Examining dismissal strategies in lawsuit against tank manufacturer

April 17, 2025 By     0 Comments

This case involves the installation of a propane tank at a new home under construction in Colorado.

Photo: izzetugutmen/iStock / Getty Images Plus/Getty Images
Image: izzetugutmen/iStock/Getty Images Plus/Getty Images

The tank manufacturer provided warnings under the dome of the tank. These warnings included odor fade and recommended the installation of gas detectors. It specifically warned against relying solely on the sense of smell while purging gas lines.

After the tank had been set at the new home, the local propane marketer leasing the tank filled it with properly odorized propane. Forty-six days later, while a plumber was purging lines to install new gas appliances at the home, an explosion occurred that injured the plumber and damaged the home.

It was not disputed that the odor in the tank had faded.

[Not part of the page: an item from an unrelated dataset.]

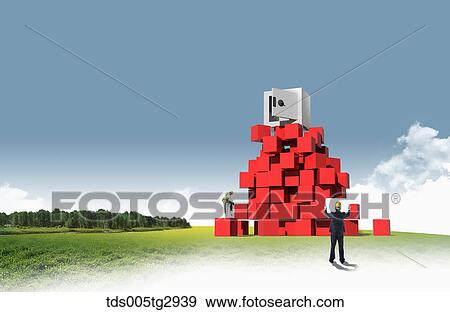 Stock Photo - An architect looking at blueprint with red boxes and safe around. Fotosearch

As readers are aware, propane in its natural state is colorless and odorless, so ethyl mercaptan is added to propane for residential, commercial and most industrial applications to warn of a leak in the event propane escapes into the atmosphere. But when propane meets rust inside a tank, it oxidizes the ethyl mercaptan, converting it to a disulfide, which gives off a much less odiferous smell than that of ethyl mercaptan.

The tank manufacturer filed dispositive motions to dismiss all seven claims brought against it by the injured plumber. At this stage, the party seeking dismissal must win on the law, and there can be no facts that might support a different outcome than the one being offered by the party seeking dismissal.

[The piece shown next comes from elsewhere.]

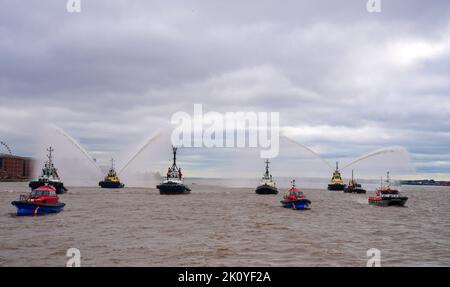 Flussschlepper führen Fleur De Lis vor, als sich Schiffe auf dem River Mersey in Liverpool vor den Three Graces (Liver Building, Cunard Building und Port of Liverpool Building) für eine maritime Hommage an Königin Elizabeth II. Versammeln. Die vor ihrer Beerdigung am Montag in der Westminster Hall in London im Staat liegen wird. Bilddatum: Mittwoch, 14. September 2022. Stockfoto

We will focus on some of the key motions for relief brought by the tank manufacturer.

Code compliance

The tank manufacturer sought to dismiss the plaintiff’s claims against it for strict product liability for manufacture of a defective propane tank and negligent propane tank manufacture.

The tank manufacturer submitted evidence that its tank was manufactured in compliance with all applicable codes, and no evidence to rebut this presumption had been offered by the plaintiff. The tank manufacturer cited a Colorado statute that codified the presumption that its product was not defective if it complied with “any code, standard or regulation adopted or promulgated by the United States or by this state, or by any agency of the United States or of this state.”

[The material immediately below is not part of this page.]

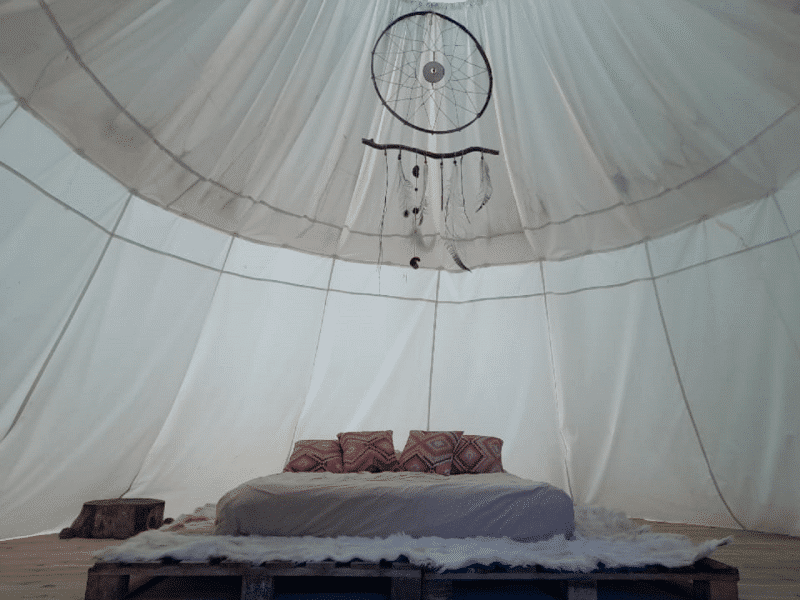 Tente de glamping avec un lit douillet et des coussins colorés, ambiance cosy.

The plaintiff conceded that the tank manufacturer had complied with all codes, standards or regulations. But the plaintiff argued that the presumption the tank manufacturer argued simply created a question for the jury.

Through expert testimony, the plaintiff argued that rust inside the tank rendered it defective, as that allowed odor fade to occur and explained why the plumber did not smell gas when he was purging gas lines.

However, the court did not find this argument persuasive. The plaintiff’s expert explained how rust may form inside a tank, but in this case, there is no actual evidence that there actually was rust inside the tank, and no one ever opened the tank to check. So, without any actual evidence of tank rust, the court granted dismissal of these two claims brought by the plaintiff.

Warnings

The tank manufacturer also sought dismissal of the plaintiff’s claim of strict liability due to inadequate warnings and negligence based on duty to warn because it provided warnings on the specific issue that led to this explosion.

“[The tank manufacturer] included specific warnings on its propane tank identifying the phenomenon of odorant fade in propane tanks, particularly in new tanks, and advising all who read the warning of this phenomenon and the steps to take in order to mitigate the risk of odor fade,” the company argued.

However, it was undisputed that the plaintiff never saw the warnings under the dome of the tank. To read the warnings, the plaintiff would have needed to climb a ladder, but he never did. He did not read any other warnings about odor fade. Based on the placement and effectiveness of the warnings, the court denied the motion for summary judgment. The court reasoned that it could not conclude that the warnings were “conspicuous enough to be effective” and left it to the jury to decide if the tank manufacturer did “everything it reasonably could have done to inform users of the tank of potential hazards.”

Moral of the story: Perform all of the testing needed to support a position you wish to take in court. How warnings are posted and distributed will be examined in the event of an explosion. Consider this when distributing warnings.